2. Avoid any cotton clothing against your skin. Cotton acts like a sponge when wet. Opt for synthetic materials and avoid over-dressing. You don't want excessive sweating coupled with the rain on your skin - very uncomfortable. Moisture wicking socks are crucial to prevent blistering of skin. My favorites are Smartwool Ph.D. Run Micros. They are also naturally antimicrobial which helps prevents odors. Remember, when it comes to running "cotton is rotten".
3. Keep electronics dry (or just leave them at home). The Lululemon Everywhere Belt Bag (yes, I am the type of person who wears a fanny pack.
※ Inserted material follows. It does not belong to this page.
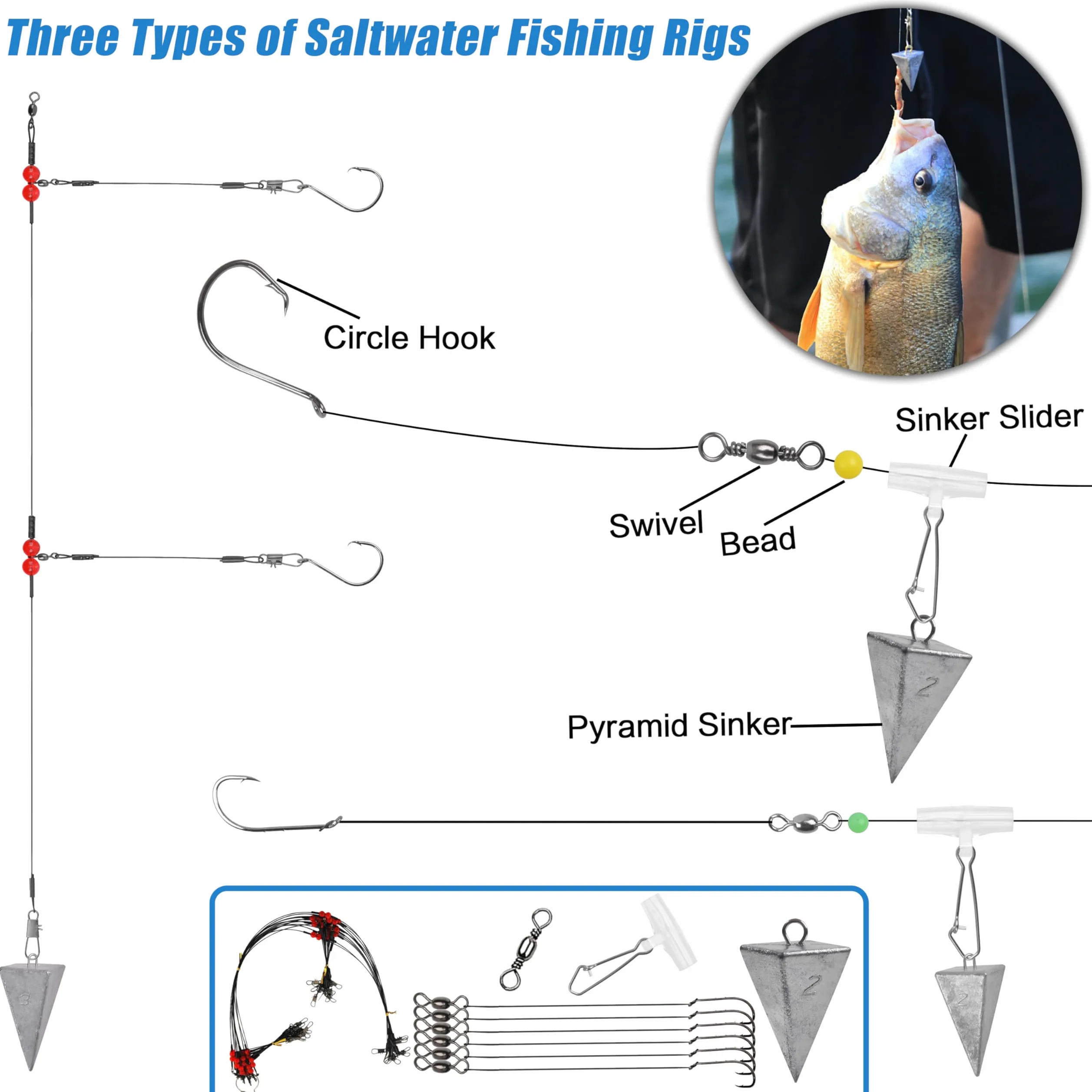 Kit de aparejos de pesca de agua salada, 131 piezas, incluye aparejos de líder de pesca, señuelo de pesca de agua salada, ganchos de cuchara giratorios, abalorio de flotación de peso en el océano, equipo de pesca de surf, accesorios de equipo de pesca de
Don't judge - it's so useful!) and the Amphipod ArmPod Smartview Sumo phone holder are my go-tos.
4. Use an anti-chafing cream such as Body Glide (or petroleum jelly, in a pinch) to prevent some major discomfort.
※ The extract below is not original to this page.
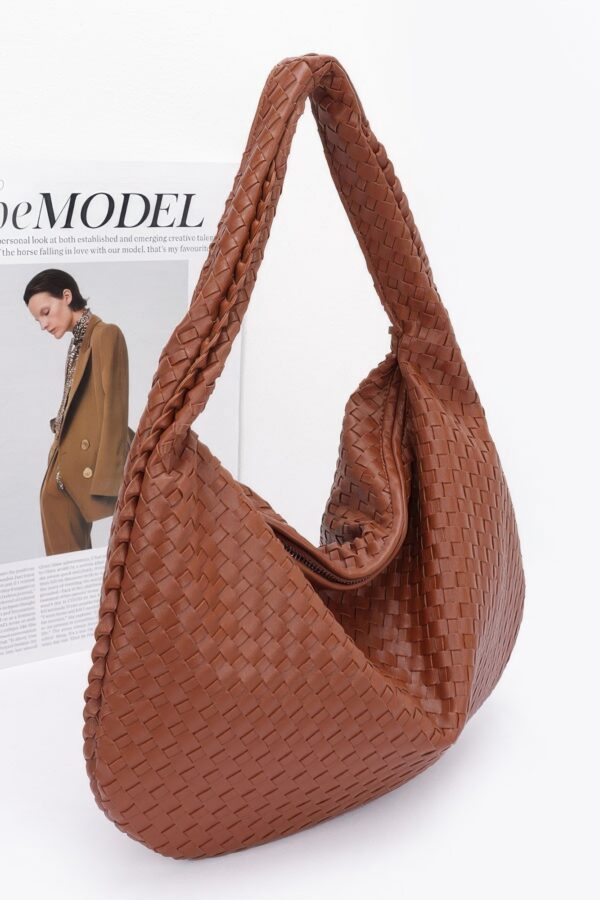 Braided Faux Leather Shoulder Bag – Minimalist Chic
5. Change out of cold, wet clothes as soon as possible after run to prevent hypothermia . Don't try to be a hero.
6. Waterproof shoes are a revelation - not only for running and walking in the rain, but also if you walk a dog on dewy grass, coach/spectate soccer, own a horse farm, or enjoy fishing. On Running makes a two great waterproof styles: Cloud ($149.99) and CloudFlyer ($159.99). Message me if you would like to order a pair.
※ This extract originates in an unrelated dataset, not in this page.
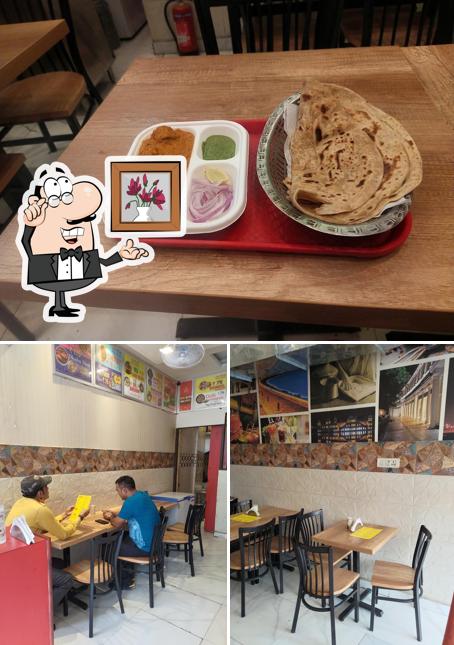 Among different things one can find interior and food at 75 Meal Express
“The sky darkened suddenly, and from nowhere a chilly wind began whipping through the Spanish moss in the live oaks across Bumby Avenue, raising goose bumps on their forearms… The first fat drops splatted on the roadway, making little hissy puffs of steam, and they began landing on the boys’ skin, a crack of thunder split the sky…This moment seemed magical to them: a bright tropical day loomed in front as a purple monsoon came on from behind. And they were thrilled as only children can be thrilled to exist for a moment on the very edge of thing, at the buzzy existential margin of all possibilities.” From Racing the Rain: A Novel by John L. Parker, Jr., page 1
“I love very few things more than a nice long walk in the drizzle of Seattle. I don’t care for the heaviness of real rain; I like the misting, the feeling of the tiny droplets on my muzzle and eyelashes. The freshness of the air, which has been suddenly infused with ozone and negative ions. While rain is heavy and can suppress the scents, a light shower actually amplifies smells; it releases the molecules, brings odor to life, and then carries it through the air to my nose. Which is why I love Seattle more than any other place, even Thunderhill Raceway Park. Because, while the summers are very dry, once the damp season begins, nary a day goes by without a helping of my much-loved drizzle.”
From The Art of Racing in the Rain by Garth Stein, page 207
Happy Running and Walking, FitFooters! Stay well!